A stereograph image shows President Grant and General John Logan at a reviewing stand on the first Decoration Day, 1868. Photograph by J.F. Jarvis/via Library of Congress.
John Branson is the current rector of Christ Church Episcopal in Old Town Alexandria, where Robert E. Lee worshipped and where 34 Confederate soldiers are still buried. Every year on May 24, the local branch of the Sons of Confederate Veterans, wearing their grays and bearing rebel flags, would hold a Confederate Memorial Day service. Branson says the rector before him put an end to the tradition. “The church has suggested that they take their ceremonies elsewhere.”
One member of the Confederate group calls the change of policy “intolerant.”
The parish still permits the group to hold a quiet wreath-laying ceremony in the churchyard but prohibits any display of Confederate regalia. “They have a full, formal color guard that they’d like to use, but they continue to display the Confederate flag, and we find that offensive,” Branson says.

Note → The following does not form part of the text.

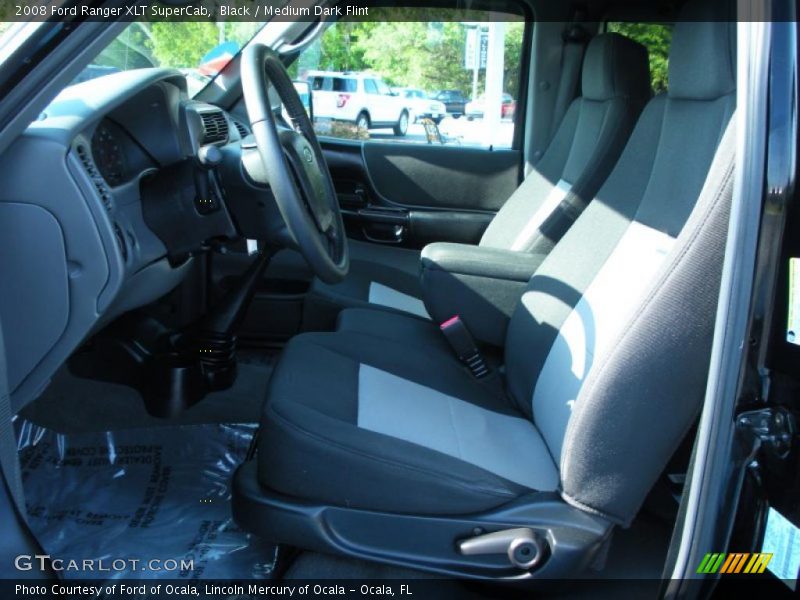 Black / Medium Dark Flint 2008 Ford Ranger XLT SuperCab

Organizers of the National Memorial Day Parade, which will draw an estimated 300,000 people to the Mall on Monday, have taken a different tack. Among the many parade participants: veterans of World War II, Korea, Vietnam, Iraq and Afghanistan, a high school marching band from Opelousas, La., Gary Sinise, the current Miss America, and a troupe of Confederate re-enactors marching to fife-and-drum tunes of “Dixie” and “Bonnie Blue Flag.”
The parade is a cornerstone of a holiday that honors Americans who died while serving in the military and, unlike, say, Columbus Day, it’s generally free of controversy. But whether Memorial Day honors Confederate soldiers in the same way it does, say, paratroopers who landed behind German lines on D-Day, is a question complicated by history.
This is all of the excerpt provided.